— TASK REQUIREMENTS —
What is needed is an exact copy of every entry below.

— ENTRIES SHOWN —
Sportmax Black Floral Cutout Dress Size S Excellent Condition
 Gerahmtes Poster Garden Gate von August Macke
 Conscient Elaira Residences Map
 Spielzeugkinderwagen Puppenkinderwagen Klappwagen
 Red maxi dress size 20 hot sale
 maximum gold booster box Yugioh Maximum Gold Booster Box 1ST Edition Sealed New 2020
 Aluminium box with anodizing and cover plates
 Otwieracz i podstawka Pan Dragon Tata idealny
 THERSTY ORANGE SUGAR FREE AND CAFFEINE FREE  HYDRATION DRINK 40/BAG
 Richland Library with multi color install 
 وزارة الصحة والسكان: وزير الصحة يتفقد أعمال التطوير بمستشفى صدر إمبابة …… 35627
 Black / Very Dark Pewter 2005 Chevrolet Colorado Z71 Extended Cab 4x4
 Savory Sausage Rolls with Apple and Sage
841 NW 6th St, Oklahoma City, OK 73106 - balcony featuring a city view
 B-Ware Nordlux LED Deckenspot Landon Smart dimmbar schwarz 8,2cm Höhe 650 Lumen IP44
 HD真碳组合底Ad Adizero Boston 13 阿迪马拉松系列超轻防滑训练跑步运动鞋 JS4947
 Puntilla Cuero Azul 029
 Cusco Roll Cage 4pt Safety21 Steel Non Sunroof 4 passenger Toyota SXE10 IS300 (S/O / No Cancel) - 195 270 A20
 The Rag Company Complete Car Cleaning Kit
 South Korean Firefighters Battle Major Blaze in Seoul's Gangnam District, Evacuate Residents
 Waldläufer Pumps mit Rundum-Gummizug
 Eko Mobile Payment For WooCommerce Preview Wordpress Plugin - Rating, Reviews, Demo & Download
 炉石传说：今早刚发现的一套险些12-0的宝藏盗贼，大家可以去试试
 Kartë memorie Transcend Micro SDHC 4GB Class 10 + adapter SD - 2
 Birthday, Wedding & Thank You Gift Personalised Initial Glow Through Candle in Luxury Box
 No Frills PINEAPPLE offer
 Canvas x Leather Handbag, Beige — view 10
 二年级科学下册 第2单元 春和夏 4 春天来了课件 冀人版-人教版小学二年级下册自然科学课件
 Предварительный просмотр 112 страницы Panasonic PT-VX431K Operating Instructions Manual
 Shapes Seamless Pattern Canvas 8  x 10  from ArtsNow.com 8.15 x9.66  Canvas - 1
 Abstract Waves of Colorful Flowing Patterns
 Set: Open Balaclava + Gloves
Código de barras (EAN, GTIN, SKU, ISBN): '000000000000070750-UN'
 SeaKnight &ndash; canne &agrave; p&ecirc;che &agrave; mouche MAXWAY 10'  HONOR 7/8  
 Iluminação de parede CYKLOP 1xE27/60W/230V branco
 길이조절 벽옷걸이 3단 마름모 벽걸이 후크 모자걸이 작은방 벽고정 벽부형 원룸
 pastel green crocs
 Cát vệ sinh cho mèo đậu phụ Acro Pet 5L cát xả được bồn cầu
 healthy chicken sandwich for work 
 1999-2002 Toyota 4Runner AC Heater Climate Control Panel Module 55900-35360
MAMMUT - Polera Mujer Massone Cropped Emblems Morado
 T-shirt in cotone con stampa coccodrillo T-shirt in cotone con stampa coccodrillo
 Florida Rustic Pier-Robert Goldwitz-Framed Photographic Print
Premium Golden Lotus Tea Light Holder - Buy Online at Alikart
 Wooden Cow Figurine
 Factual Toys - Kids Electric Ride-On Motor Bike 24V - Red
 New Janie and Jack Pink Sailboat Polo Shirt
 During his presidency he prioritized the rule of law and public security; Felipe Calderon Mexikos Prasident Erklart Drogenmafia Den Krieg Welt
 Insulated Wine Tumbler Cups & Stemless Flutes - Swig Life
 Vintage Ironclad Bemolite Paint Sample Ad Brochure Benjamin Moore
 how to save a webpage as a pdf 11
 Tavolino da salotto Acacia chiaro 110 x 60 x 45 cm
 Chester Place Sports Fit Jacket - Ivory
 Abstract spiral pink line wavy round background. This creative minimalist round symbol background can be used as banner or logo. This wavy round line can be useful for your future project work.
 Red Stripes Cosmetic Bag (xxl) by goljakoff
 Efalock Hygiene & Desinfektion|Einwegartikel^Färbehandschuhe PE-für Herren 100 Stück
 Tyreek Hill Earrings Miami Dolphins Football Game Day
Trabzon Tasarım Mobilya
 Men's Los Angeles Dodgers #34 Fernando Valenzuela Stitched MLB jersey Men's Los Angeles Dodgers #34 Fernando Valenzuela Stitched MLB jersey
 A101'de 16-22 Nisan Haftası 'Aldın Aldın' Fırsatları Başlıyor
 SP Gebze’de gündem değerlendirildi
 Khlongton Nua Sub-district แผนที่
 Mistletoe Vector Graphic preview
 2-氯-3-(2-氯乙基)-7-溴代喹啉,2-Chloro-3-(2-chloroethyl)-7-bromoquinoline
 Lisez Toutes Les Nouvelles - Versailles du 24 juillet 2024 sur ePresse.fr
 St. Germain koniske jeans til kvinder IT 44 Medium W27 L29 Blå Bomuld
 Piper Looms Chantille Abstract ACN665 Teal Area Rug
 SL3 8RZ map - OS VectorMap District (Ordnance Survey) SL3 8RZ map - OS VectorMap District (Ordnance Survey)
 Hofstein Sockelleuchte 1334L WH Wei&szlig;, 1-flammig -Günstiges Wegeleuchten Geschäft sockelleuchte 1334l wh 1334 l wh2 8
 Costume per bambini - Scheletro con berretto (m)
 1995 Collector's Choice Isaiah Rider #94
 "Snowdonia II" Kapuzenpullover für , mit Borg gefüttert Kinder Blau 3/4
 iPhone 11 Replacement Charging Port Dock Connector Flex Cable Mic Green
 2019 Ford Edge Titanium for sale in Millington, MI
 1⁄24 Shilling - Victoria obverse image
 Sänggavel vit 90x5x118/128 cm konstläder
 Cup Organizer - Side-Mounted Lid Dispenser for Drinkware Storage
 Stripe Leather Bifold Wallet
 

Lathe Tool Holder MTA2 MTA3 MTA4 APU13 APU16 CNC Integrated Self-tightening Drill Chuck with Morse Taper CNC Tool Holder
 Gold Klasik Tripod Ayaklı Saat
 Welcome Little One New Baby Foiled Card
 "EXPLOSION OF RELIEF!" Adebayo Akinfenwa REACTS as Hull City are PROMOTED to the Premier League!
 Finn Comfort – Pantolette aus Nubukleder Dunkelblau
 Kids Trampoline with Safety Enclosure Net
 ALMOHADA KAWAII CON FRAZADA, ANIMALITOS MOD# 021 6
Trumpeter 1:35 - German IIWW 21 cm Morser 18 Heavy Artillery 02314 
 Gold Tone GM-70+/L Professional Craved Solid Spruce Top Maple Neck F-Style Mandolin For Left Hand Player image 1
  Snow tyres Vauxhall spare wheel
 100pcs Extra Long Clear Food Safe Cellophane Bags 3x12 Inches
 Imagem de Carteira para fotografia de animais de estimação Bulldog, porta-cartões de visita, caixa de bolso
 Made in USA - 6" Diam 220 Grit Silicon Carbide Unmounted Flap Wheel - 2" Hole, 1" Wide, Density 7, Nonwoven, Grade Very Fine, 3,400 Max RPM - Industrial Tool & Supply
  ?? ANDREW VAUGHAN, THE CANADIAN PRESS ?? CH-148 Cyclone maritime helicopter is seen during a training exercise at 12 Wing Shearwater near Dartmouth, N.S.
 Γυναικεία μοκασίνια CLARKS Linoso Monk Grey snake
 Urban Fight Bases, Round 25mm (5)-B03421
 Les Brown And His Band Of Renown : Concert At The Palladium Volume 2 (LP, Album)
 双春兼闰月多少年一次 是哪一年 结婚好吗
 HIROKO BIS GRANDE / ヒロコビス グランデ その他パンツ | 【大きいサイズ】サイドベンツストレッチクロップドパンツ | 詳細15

— RESULT OF THE EXERCISE —
Sportmax Black Floral Cutout Dress Size S Excellent Condition
 Gerahmtes Poster Garden Gate von August Macke
 Conscient Elaira Residences Map
 Spielzeugkinderwagen Puppenkinderwagen Klappwagen
 Red maxi dress size 20 hot sale
 maximum gold booster box Yugioh Maximum Gold Booster Box 1ST Edition Sealed New 2020
 Aluminium box with anodizing and cover plates
 Otwieracz i podstawka Pan Dragon Tata idealny
 THERSTY ORANGE SUGAR FREE AND CAFFEINE FREE  HYDRATION DRINK 40/BAG
 Richland Library with multi color install 
 وزارة الصحة والسكان: وزير الصحة يتفقد أعمال التطوير بمستشفى صدر إمبابة …… 35627
 Black / Very Dark Pewter 2005 Chevrolet Colorado Z71 Extended Cab 4x4
 Savory Sausage Rolls with Apple and Sage
841 NW 6th St, Oklahoma City, OK 73106 - balcony featuring a city view
 B-Ware Nordlux LED Deckenspot Landon Smart dimmbar schwarz 8,2cm Höhe 650 Lumen IP44
 HD真碳组合底Ad Adizero Boston 13 阿迪马拉松系列超轻防滑训练跑步运动鞋 JS4947
 Puntilla Cuero Azul 029
 Cusco Roll Cage 4pt Safety21 Steel Non Sunroof 4 passenger Toyota SXE10 IS300 (S/O / No Cancel) - 195 270 A20
 The Rag Company Complete Car Cleaning Kit
 South Korean Firefighters Battle Major Blaze in Seoul's Gangnam District, Evacuate Residents
 Waldläufer Pumps mit Rundum-Gummizug
 Eko Mobile Payment For WooCommerce Preview Wordpress Plugin - Rating, Reviews, Demo & Download
 炉石传说：今早刚发现的一套险些12-0的宝藏盗贼，大家可以去试试
 Kartë memorie Transcend Micro SDHC 4GB Class 10 + adapter SD - 2
 Birthday, Wedding & Thank You Gift Personalised Initial Glow Through Candle in Luxury Box
 No Frills PINEAPPLE offer
 Canvas x Leather Handbag, Beige — view 10
 二年级科学下册 第2单元 春和夏 4 春天来了课件 冀人版-人教版小学二年级下册自然科学课件
 Предварительный просмотр 112 страницы Panasonic PT-VX431K Operating Instructions Manual
 Shapes Seamless Pattern Canvas 8  x 10  from ArtsNow.com 8.15 x9.66  Canvas - 1
 Abstract Waves of Colorful Flowing Patterns
 Set: Open Balaclava + Gloves
Código de barras (EAN, GTIN, SKU, ISBN): '000000000000070750-UN'
 SeaKnight &ndash; canne &agrave; p&ecirc;che &agrave; mouche MAXWAY 10'  HONOR 7/8  
 Iluminação de parede CYKLOP 1xE27/60W/230V branco
 길이조절 벽옷걸이 3단 마름모 벽걸이 후크 모자걸이 작은방 벽고정 벽부형 원룸
 pastel green crocs
 Cát vệ sinh cho mèo đậu phụ Acro Pet 5L cát xả được bồn cầu
 healthy chicken sandwich for work 
 1999-2002 Toyota 4Runner AC Heater Climate Control Panel Module 55900-35360
MAMMUT - Polera Mujer Massone Cropped Emblems Morado
 T-shirt in cotone con stampa coccodrillo T-shirt in cotone con stampa coccodrillo
 Florida Rustic Pier-Robert Goldwitz-Framed Photographic Print
Premium Golden Lotus Tea Light Holder - Buy Online at Alikart
 Wooden Cow Figurine
 Factual Toys - Kids Electric Ride-On Motor Bike 24V - Red
 New Janie and Jack Pink Sailboat Polo Shirt
 During his presidency he prioritized the rule of law and public security; Felipe Calderon Mexikos Prasident Erklart Drogenmafia Den Krieg Welt
 Insulated Wine Tumbler Cups & Stemless Flutes - Swig Life
 Vintage Ironclad Bemolite Paint Sample Ad Brochure Benjamin Moore
 how to save a webpage as a pdf 11
 Tavolino da salotto Acacia chiaro 110 x 60 x 45 cm
 Chester Place Sports Fit Jacket - Ivory
 Abstract spiral pink line wavy round background. This creative minimalist round symbol background can be used as banner or logo. This wavy round line can be useful for your future project work.
 Red Stripes Cosmetic Bag (xxl) by goljakoff
 Efalock Hygiene & Desinfektion|Einwegartikel^Färbehandschuhe PE-für Herren 100 Stück
 Tyreek Hill Earrings Miami Dolphins Football Game Day
Trabzon Tasarım Mobilya
 Men's Los Angeles Dodgers #34 Fernando Valenzuela Stitched MLB jersey Men's Los Angeles Dodgers #34 Fernando Valenzuela Stitched MLB jersey
 A101'de 16-22 Nisan Haftası 'Aldın Aldın' Fırsatları Başlıyor
 SP Gebze’de gündem değerlendirildi
 Khlongton Nua Sub-district แผนที่
 Mistletoe Vector Graphic preview
 2-氯-3-(2-氯乙基)-7-溴代喹啉,2-Chloro-3-(2-chloroethyl)-7-bromoquinoline
 Lisez Toutes Les Nouvelles - Versailles du 24 juillet 2024 sur ePresse.fr
 St. Germain koniske jeans til kvinder IT 44 Medium W27 L29 Blå Bomuld
 Piper Looms Chantille Abstract ACN665 Teal Area Rug
 SL3 8RZ map - OS VectorMap District (Ordnance Survey) SL3 8RZ map - OS VectorMap District (Ordnance Survey)
 Hofstein Sockelleuchte 1334L WH Wei&szlig;, 1-flammig -Günstiges Wegeleuchten Geschäft sockelleuchte 1334l wh 1334 l wh2 8
 Costume per bambini - Scheletro con berretto (m)
 1995 Collector's Choice Isaiah Rider #94
 "Snowdonia II" Kapuzenpullover für , mit Borg gefüttert Kinder Blau 3/4
 iPhone 11 Replacement Charging Port Dock Connector Flex Cable Mic Green
 2019 Ford Edge Titanium for sale in Millington, MI
 1⁄24 Shilling - Victoria obverse image
 Sänggavel vit 90x5x118/128 cm konstläder
 Cup Organizer - Side-Mounted Lid Dispenser for Drinkware Storage
 Stripe Leather Bifold Wallet
 

Lathe Tool Holder MTA2 MTA3 MTA4 APU13 APU16 CNC Integrated Self-tightening Drill Chuck with Morse Taper CNC Tool Holder
 Gold Klasik Tripod Ayaklı Saat
 Welcome Little One New Baby Foiled Card
 "EXPLOSION OF RELIEF!" Adebayo Akinfenwa REACTS as Hull City are PROMOTED to the Premier League!
 Finn Comfort – Pantolette aus Nubukleder Dunkelblau
 Kids Trampoline with Safety Enclosure Net
 ALMOHADA KAWAII CON FRAZADA, ANIMALITOS MOD# 021 6
Trumpeter 1:35 - German IIWW 21 cm Morser 18 Heavy Artillery 02314 
 Gold Tone GM-70+/L Professional Craved Solid Spruce Top Maple Neck F-Style Mandolin For Left Hand Player image 1
  Snow tyres Vauxhall spare wheel
 100pcs Extra Long Clear Food Safe Cellophane Bags 3x12 Inches
 Imagem de Carteira para fotografia de animais de estimação Bulldog, porta-cartões de visita, caixa de bolso
 Made in USA - 6" Diam 220 Grit Silicon Carbide Unmounted Flap Wheel - 2" Hole, 1" Wide, Density 7, Nonwoven, Grade Very Fine, 3,400 Max RPM - Industrial Tool & Supply
  ?? ANDREW VAUGHAN, THE CANADIAN PRESS ?? CH-148 Cyclone maritime helicopter is seen during a training exercise at 12 Wing Shearwater near Dartmouth, N.S.
 Γυναικεία μοκασίνια CLARKS Linoso Monk Grey snake
 Urban Fight Bases, Round 25mm (5)-B03421
 Les Brown And His Band Of Renown : Concert At The Palladium Volume 2 (LP, Album)
 双春兼闰月多少年一次 是哪一年 结婚好吗
 HIROKO BIS GRANDE / ヒロコビス グランデ その他パンツ | 【大きいサイズ】サイドベンツストレッチクロップドパンツ | 詳細15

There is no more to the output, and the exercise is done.